Risk-averse governments not using AstraZeneca should donate their supplies of it to countries in desperate need of vaccinations, one expert said. Photo: AFP

British pharmaceuticals group AstraZeneca, which is finalizing a vaccine against Covid-19, said Saturday it was buying US biotech firm Alexion for $39 billion to boost its work on immunology. 

“Alexion has established itself as a leader in complement biology, bringing life-changing benefits to patients with rare diseases,” AstraZeneca chief executive Pascal Soriot said in a statement, announcing the year’s biggest deal in the pharma sector.

“We look forward to welcoming our new colleagues at Alexion so that we can together build on our combined expertise in immunology and precision medicines to drive innovation that delivers life-changing medicines for more patients,” he said.

Both boards have agreed to the cash-and-stock deal, which values Alexion at $175 a share, a premium of 45% to the Boston-based company’s closing price on Friday.

Since taking the helm at AstraZeneca in 2012, Soriot has pushed the group into lucrative treatments such as cancer therapies, and the Alexion takeover will give it more heft in areas such as treating blood disorders.

Along with researchers from the University of Oxford, AstraZeneca has developed an effective Covid-19 vaccine which the UK government plans to use as the lynchpin of its inoculation drive, after first rolling out another vaccine by Pfizer/BioNTech.

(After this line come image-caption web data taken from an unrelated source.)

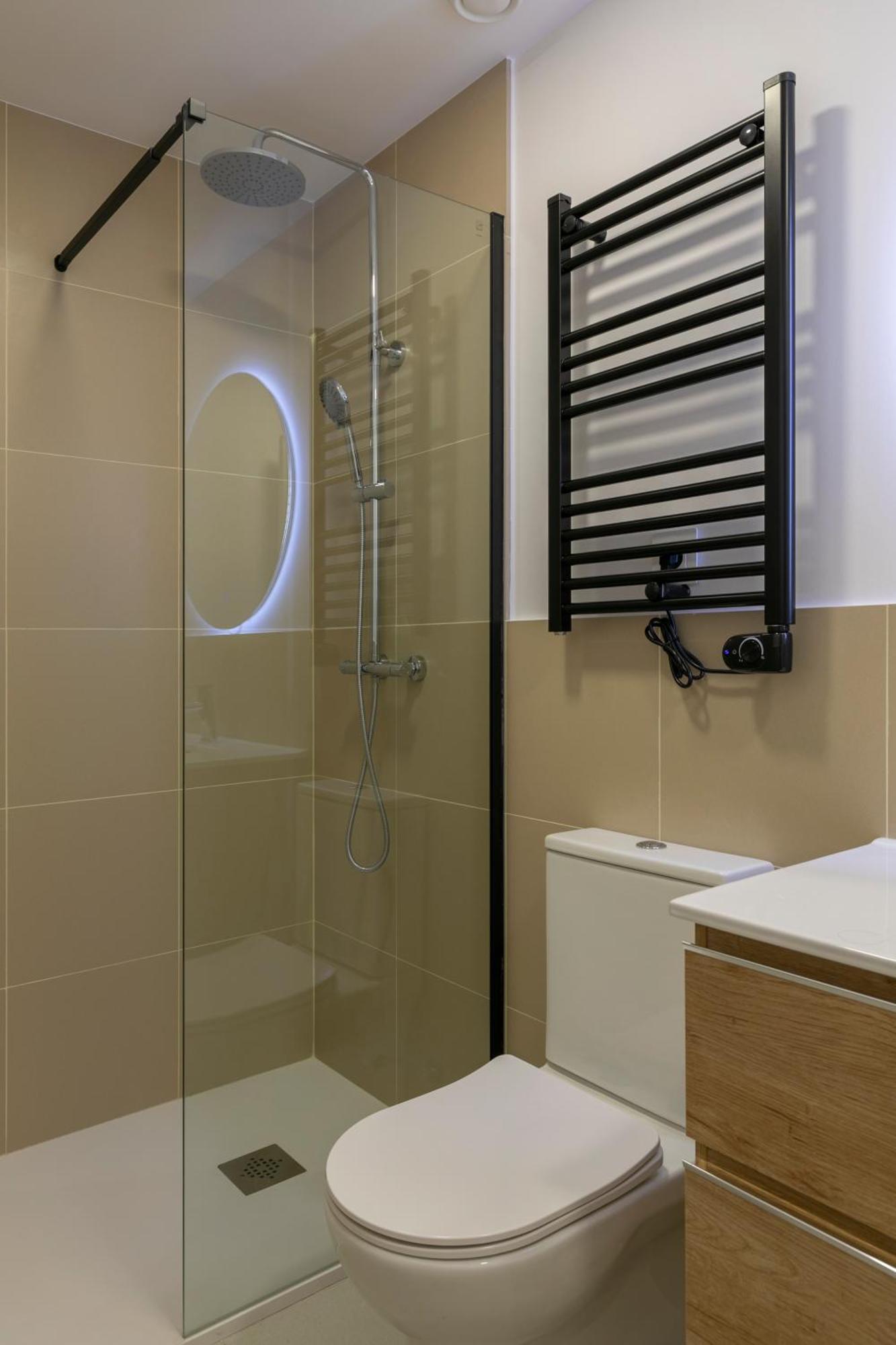Homeabout Smart Rooms Tetuan - Sin Recepcion Appartamento *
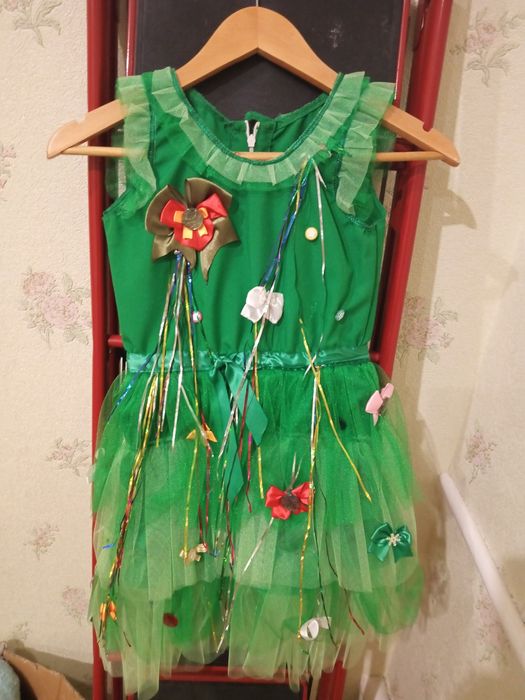 Продам дитячу новорічну сукню "Ялинка" на 6-7 років. Всього один раз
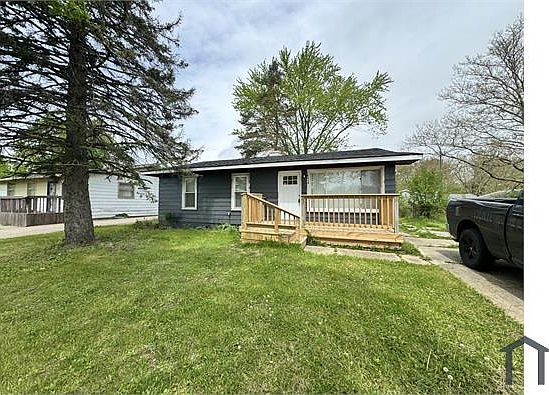 1st image of 6634 Daryll Dr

But approval of the AstraZeneca/Oxford drug has been held up after queries over its initial trial results. 

On Tuesday, the UK partners became the first Covid-19 vaccine makers to publish final-stage clinical trial data in a scientific journal, clearing a key hurdle.

The new acquisition is expected to close in the third quarter of 2021, and Alexion shareholders will own 15% of the combined company.

“This transaction marks the start of an exciting new chapter for Alexion,” Alexion chief executive Ludwig Hantson said.

“We bring to AstraZeneca a strong portfolio, innovative rare disease pipeline, a talented global workforce and strong manufacturing capabilities in biologics,” he said.